→ Entries supplied
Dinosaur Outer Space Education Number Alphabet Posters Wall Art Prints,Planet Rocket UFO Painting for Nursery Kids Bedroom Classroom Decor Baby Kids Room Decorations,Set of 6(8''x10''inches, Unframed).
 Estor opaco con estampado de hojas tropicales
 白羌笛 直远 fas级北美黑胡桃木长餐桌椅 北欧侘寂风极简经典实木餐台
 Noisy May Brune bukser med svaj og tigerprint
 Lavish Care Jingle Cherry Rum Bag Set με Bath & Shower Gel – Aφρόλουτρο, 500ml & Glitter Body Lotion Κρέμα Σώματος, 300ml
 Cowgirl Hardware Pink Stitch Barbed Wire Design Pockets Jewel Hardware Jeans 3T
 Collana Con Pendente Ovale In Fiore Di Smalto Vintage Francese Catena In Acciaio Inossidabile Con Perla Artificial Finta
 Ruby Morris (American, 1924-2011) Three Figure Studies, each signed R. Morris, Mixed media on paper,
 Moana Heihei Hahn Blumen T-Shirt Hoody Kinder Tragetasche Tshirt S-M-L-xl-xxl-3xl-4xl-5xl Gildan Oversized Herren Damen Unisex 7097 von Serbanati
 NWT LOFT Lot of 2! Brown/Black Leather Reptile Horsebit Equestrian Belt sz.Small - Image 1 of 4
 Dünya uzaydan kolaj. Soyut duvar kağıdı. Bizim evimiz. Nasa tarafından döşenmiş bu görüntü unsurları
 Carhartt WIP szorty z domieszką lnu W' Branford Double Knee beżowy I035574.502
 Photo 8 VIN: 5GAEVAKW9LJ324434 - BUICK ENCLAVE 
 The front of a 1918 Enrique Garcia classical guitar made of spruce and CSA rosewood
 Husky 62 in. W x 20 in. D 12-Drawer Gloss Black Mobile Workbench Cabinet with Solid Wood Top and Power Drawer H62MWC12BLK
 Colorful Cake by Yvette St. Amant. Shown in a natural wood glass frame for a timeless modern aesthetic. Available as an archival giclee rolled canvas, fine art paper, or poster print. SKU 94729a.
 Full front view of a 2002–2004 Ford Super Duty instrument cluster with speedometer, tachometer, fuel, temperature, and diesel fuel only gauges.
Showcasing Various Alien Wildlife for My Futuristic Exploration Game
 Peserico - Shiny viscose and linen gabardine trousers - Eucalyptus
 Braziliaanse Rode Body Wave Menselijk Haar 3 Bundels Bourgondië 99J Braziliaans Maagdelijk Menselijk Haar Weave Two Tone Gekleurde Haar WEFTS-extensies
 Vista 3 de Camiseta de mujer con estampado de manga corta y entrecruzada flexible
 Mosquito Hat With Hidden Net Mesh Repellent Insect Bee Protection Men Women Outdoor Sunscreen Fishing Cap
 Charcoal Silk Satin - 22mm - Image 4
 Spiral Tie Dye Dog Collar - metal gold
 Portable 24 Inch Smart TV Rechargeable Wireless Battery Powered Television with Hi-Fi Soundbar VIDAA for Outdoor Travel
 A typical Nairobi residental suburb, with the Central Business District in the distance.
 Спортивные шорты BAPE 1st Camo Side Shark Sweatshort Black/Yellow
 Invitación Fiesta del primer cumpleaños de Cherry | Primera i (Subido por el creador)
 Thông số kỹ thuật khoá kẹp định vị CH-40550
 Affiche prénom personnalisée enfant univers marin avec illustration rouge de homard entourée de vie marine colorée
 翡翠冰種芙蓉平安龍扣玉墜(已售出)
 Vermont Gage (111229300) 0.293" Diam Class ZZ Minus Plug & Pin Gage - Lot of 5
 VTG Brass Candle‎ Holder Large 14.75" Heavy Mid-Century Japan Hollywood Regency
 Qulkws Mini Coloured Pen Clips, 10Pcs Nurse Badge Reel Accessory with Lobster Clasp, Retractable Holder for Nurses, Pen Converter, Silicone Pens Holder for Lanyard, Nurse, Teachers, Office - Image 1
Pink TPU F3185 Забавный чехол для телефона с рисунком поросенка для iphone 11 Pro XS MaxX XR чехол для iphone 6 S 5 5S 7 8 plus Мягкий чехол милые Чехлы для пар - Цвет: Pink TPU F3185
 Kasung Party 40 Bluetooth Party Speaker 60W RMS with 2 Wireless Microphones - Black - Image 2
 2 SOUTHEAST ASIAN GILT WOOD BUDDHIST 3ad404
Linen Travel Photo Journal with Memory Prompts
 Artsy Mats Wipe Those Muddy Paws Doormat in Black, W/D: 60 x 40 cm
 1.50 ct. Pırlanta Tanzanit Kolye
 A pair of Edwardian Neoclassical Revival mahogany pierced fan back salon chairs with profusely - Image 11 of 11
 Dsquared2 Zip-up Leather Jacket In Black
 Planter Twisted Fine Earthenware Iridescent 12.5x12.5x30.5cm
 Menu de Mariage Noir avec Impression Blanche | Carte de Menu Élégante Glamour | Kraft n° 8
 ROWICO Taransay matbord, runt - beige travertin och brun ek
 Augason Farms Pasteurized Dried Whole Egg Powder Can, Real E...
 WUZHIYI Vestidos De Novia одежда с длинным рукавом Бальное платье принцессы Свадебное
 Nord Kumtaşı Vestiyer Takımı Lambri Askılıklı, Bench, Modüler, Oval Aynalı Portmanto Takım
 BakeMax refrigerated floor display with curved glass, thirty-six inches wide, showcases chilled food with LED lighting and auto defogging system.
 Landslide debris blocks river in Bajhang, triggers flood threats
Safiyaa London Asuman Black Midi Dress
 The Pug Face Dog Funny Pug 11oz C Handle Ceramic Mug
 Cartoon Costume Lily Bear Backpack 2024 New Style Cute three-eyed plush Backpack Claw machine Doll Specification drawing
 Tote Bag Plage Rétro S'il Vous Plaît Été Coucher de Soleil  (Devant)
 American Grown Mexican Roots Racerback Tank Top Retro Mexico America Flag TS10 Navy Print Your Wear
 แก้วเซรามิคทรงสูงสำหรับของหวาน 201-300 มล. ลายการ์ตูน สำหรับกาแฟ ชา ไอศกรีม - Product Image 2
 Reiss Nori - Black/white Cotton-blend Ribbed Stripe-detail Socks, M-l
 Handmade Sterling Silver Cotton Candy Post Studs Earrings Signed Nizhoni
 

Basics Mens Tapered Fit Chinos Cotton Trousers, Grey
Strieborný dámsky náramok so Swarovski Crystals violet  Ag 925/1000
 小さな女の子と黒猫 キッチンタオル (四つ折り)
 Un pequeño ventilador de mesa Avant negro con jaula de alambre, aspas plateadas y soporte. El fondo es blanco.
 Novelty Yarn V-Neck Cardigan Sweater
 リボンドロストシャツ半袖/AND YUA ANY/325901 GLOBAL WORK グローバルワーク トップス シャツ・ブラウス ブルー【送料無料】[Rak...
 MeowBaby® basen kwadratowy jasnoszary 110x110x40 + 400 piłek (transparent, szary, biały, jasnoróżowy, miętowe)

→ Task description
In the listing above, find the line that contains "リボンドロストシャツ半袖/AND YUA ANY/325901". Write it out exactly, along with each line after it up to and including the last.

→ Response
 リボンドロストシャツ半袖/AND YUA ANY/325901 GLOBAL WORK グローバルワーク トップス シャツ・ブラウス ブルー【送料無料】[Rak...
 MeowBaby® basen kwadratowy jasnoszary 110x110x40 + 400 piłek (transparent, szary, biały, jasnoróżowy, miętowe)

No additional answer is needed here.